Pot, meet kettle :-)
We've repeatedly been down this road before... I pull out documentation, you dismiss it for X reason, you provide no documentation to back your own opinion of why those you disagree with are wrong, wash rinse repeat. I'm not a big fan of this cycle.
You're a smart guy, I don't want you (or anyone else) to take my word for it. But I am (like I have in the past) suggesting you dig more on your own and keep an eye on the bigger picture and look past the shiny happy CFL stats that are always waved around by environmentalists. Nothing I have said is difficult to confirm as factual and much of the evidence can be replicated with very little effort and money to crunch the numbers yourself. Look at annual bulb sale numbers. Examine the known and documented flaws to the technology. Look at the peer reviewed scientific studies. Look at CFL prices in countries that banned all incandescent sales and then discontinued price subsidies. Get a Kill-A-Watt and a light meter and experiment with some bulbs. Look at the documentation regarding the known issues with power cycling of fluorescent lighting. Examine the average percentage of household electrical bills that are actually dedicated to lighting versus climate control and appliances. Try some modern CFLs and power cycle 'em a few hundred times. Investigate the working conditions of these CFL factories and the mercury poisoning rates in the populous surrounding them, as well as research into the power source these factories use (it's coal,
by the way) to manufacture these bulbs in the first place. Look into the difference in natural resources and raw materials to manufacture and ship these bulbs in comparison to their simple tungsten counterparts, and conveniently get overlooked in the environmental impact calculations that only focus on energy used to produce light over its lifetime or if they are included get heavily padded by the unrealistic bulb life expectancy that doesn't happen in most household usage situations. Look into an industrial concept called "planned obsolescence".

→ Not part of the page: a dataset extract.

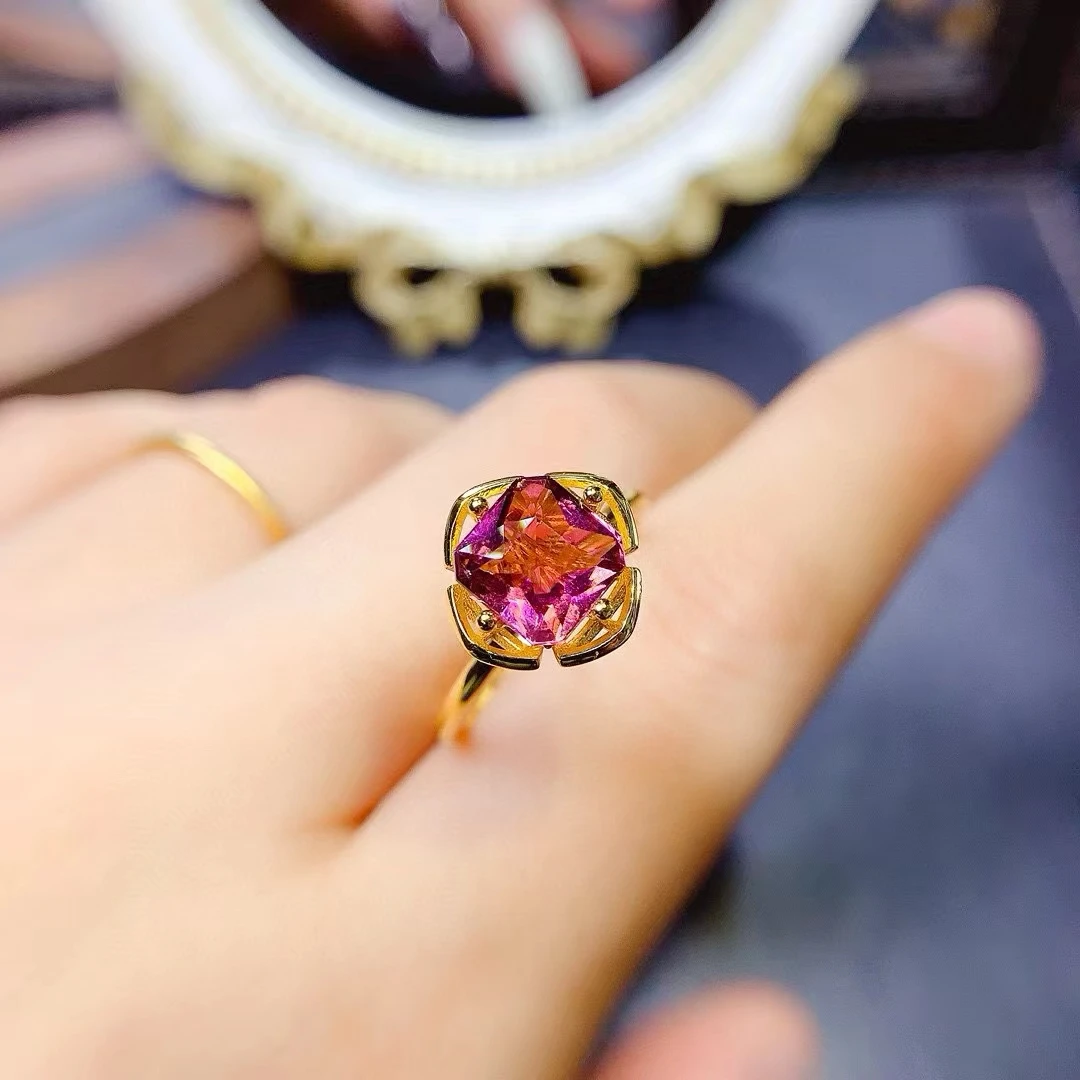 

KJJEAXCMY Fine Jewelry Natural Rose Red Tourmaline Women's Ring S925 Pure Silver Exquisite Inlaid Gems Valentine's Day Party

These are all things I have actually done, by the way. My comments aren't based off of five minutes of time on Wikipedia and having a single CFL burn out on me. I dearly love and respect science, but I also know that statistics can be used to prove anything with sufficient data omissions... once you look at the complete picture instead of the picture painted by the bulb manufacturers, the CFL argument falls apart like a house of cards in a hurricane, and it even raises valid concerns about the potential long term costs and impact of LEDs. If you want to beat on the wolframite/tungsten as a blood mineral issue in defense of mercury, how about we talk about the impact of using yttrium, terbium, and europium for triband phosphors?
As for your question, it's a straw man. Anyone capable of thinking for themselves and truly understands the CFL debate wouldn't be in great favor of any form of mercury-based lighting. I'm not fond of traditional tubular ballast, CCFL, HID, or even induction, but there's still a significant divide in the technologies that you ignore. The biggest failing point in fluorescent bulbs is not the mercury and argon gas payload or the phosphors themselves, but the ballast and the electrodes. I may not like the other fluorescent lighting products either for a multitude of established and documented reasons, but the thing that separates most of them from CFLs? Two things: 1) at least you can replace the ballast with most of those alternative styles when it fails, with induction providing the longest lifespan and being the least evil of all types across the board as it's electrode-less; 2) industrial lighting has
very different requirements than home lighting, and home lighting goes through
considerably more power cycling, the Achilles heel to fluorescent electrode longevity.
If
the official solution to making CFLs meet their rated lifespan is to needlessly waste
more electricity running it than you might have otherwise used in the first place with a "less efficient" lightbulb only using it as you needed it? Wait a second (or 900 as the case may be). Clearly, there's a glaring problem there, and
even the Mythbusters have a problem with this. In situations with long, steady industrial lighting situations, some of these can and are more efficient than incandescent and I won't deny that, but not in the home under average home usage conditions. CFLs aren't induction lamps, they don't have replaceable ballasts, they're sealed units with cheap Chinese electrolyte capacitors stuffed into a tiny area that runs very hot, and they can't survive anywhere close to their rated lifespan (that all these safety and savings numbers are built off of that CFL defenders trot out to make their case) without using even more lighting/electricity than you might otherwise need in the first place.
You can keep picking and making snarky comments, or you can do some research yourself and learn something new.